Give again, unaltered, the lines of the listing below that run from the line having "ジャーナルスタンダード メンズさん(メンズ・175cm)の夏コーディネート" through the line having "Joivy Family Friendly".

^^^^

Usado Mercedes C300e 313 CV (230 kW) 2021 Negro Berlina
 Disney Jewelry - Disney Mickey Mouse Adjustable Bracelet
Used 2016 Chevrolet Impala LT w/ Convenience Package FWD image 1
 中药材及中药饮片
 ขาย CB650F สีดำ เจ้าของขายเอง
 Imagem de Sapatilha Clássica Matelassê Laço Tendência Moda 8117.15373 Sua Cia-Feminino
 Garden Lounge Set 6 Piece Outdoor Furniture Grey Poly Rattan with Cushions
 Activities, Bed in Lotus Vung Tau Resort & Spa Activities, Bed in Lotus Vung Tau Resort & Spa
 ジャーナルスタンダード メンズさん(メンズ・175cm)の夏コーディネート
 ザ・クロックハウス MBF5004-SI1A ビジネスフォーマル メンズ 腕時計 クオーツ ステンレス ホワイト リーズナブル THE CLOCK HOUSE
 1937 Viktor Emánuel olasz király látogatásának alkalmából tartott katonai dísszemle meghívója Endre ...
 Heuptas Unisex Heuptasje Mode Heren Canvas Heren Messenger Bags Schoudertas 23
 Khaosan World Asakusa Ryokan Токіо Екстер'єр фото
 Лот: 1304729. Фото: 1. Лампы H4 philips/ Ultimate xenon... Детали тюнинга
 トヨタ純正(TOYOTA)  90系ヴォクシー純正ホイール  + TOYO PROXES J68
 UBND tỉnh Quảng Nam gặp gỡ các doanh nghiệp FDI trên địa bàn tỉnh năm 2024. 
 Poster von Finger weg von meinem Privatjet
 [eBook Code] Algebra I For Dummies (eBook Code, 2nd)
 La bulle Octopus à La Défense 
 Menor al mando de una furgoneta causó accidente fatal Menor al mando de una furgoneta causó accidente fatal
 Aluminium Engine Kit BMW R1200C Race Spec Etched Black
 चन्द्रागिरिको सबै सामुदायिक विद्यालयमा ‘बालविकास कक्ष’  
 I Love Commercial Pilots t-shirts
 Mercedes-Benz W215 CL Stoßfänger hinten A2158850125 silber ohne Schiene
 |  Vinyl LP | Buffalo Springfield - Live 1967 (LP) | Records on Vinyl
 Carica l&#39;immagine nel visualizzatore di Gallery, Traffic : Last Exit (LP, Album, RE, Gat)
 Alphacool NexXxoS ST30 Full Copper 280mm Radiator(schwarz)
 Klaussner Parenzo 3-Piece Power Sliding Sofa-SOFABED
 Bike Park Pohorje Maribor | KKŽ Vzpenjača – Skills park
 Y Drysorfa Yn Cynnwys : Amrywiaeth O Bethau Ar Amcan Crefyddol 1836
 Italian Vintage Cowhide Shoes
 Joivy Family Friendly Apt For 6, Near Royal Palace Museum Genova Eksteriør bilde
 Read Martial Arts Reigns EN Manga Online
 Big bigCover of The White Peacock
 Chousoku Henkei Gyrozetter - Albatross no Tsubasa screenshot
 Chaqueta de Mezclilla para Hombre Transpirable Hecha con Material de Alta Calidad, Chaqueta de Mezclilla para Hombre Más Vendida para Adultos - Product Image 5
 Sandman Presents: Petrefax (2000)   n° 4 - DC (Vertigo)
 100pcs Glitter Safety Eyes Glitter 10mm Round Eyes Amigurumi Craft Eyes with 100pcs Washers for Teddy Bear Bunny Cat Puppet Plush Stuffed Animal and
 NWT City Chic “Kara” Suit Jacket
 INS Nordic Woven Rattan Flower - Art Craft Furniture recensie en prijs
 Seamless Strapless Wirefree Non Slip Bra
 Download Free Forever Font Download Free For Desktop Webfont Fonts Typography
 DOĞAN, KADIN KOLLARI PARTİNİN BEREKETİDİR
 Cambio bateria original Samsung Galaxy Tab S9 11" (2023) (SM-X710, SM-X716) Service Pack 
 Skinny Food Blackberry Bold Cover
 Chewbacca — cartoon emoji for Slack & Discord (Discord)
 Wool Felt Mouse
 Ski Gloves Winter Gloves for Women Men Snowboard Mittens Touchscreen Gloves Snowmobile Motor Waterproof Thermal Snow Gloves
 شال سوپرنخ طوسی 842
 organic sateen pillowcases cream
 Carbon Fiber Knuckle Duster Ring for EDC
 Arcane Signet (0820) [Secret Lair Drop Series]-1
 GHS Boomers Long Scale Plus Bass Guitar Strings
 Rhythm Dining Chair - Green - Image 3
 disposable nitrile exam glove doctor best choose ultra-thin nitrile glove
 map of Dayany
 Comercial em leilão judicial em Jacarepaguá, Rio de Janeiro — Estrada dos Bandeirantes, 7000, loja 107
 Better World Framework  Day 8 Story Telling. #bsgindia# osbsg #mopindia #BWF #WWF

^^^^

EXPECTED ANSWER:
 ジャーナルスタンダード メンズさん(メンズ・175cm)の夏コーディネート
 ザ・クロックハウス MBF5004-SI1A ビジネスフォーマル メンズ 腕時計 クオーツ ステンレス ホワイト リーズナブル THE CLOCK HOUSE
 1937 Viktor Emánuel olasz király látogatásának alkalmából tartott katonai dísszemle meghívója Endre ...
 Heuptas Unisex Heuptasje Mode Heren Canvas Heren Messenger Bags Schoudertas 23
 Khaosan World Asakusa Ryokan Токіо Екстер'єр фото
 Лот: 1304729. Фото: 1. Лампы H4 philips/ Ultimate xenon... Детали тюнинга
 トヨタ純正(TOYOTA)  90系ヴォクシー純正ホイール  + TOYO PROXES J68
 UBND tỉnh Quảng Nam gặp gỡ các doanh nghiệp FDI trên địa bàn tỉnh năm 2024. 
 Poster von Finger weg von meinem Privatjet
 [eBook Code] Algebra I For Dummies (eBook Code, 2nd)
 La bulle Octopus à La Défense 
 Menor al mando de una furgoneta causó accidente fatal Menor al mando de una furgoneta causó accidente fatal
 Aluminium Engine Kit BMW R1200C Race Spec Etched Black
 चन्द्रागिरिको सबै सामुदायिक विद्यालयमा ‘बालविकास कक्ष’  
 I Love Commercial Pilots t-shirts
 Mercedes-Benz W215 CL Stoßfänger hinten A2158850125 silber ohne Schiene
 |  Vinyl LP | Buffalo Springfield - Live 1967 (LP) | Records on Vinyl
 Carica l&#39;immagine nel visualizzatore di Gallery, Traffic : Last Exit (LP, Album, RE, Gat)
 Alphacool NexXxoS ST30 Full Copper 280mm Radiator(schwarz)
 Klaussner Parenzo 3-Piece Power Sliding Sofa-SOFABED
 Bike Park Pohorje Maribor | KKŽ Vzpenjača – Skills park
 Y Drysorfa Yn Cynnwys : Amrywiaeth O Bethau Ar Amcan Crefyddol 1836
 Italian Vintage Cowhide Shoes
 Joivy Family Friendly Apt For 6, Near Royal Palace Museum Genova Eksteriør bilde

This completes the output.